═════ Data shown

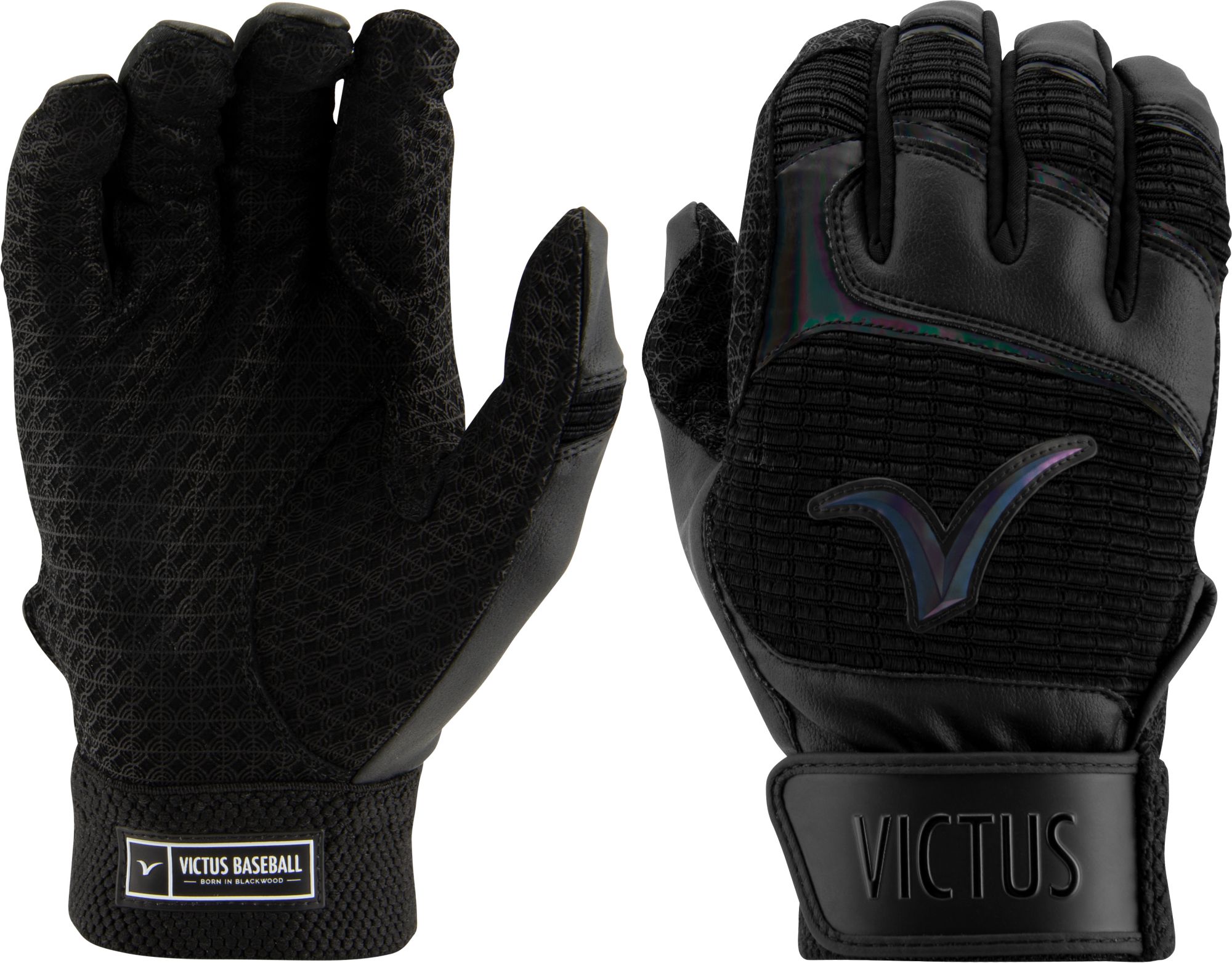 black batting gloves
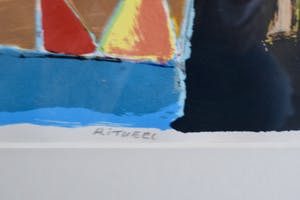 Cor de Jong - Zeefdruk op papier - Zonder titel - Ingelijst kopen? Bied vanaf 1!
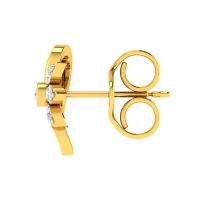 Avsar 18 (750) Yellow Gold And Diamond Kashish Earring (code - Ave423a)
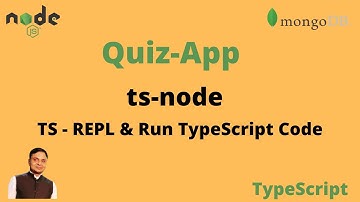 ts-node to  direct execute TypeScript code without explicitly build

══════════

Exercise goal: Nothing should be printed except the lines from the one with "Avsar 18 (750)" through the last line of the listing above, both ends included; please drop the pictures.

Response to the task:
 Avsar 18 (750) Yellow Gold And Diamond Kashish Earring (code - Ave423a)
 ts-node to  direct execute TypeScript code without explicitly build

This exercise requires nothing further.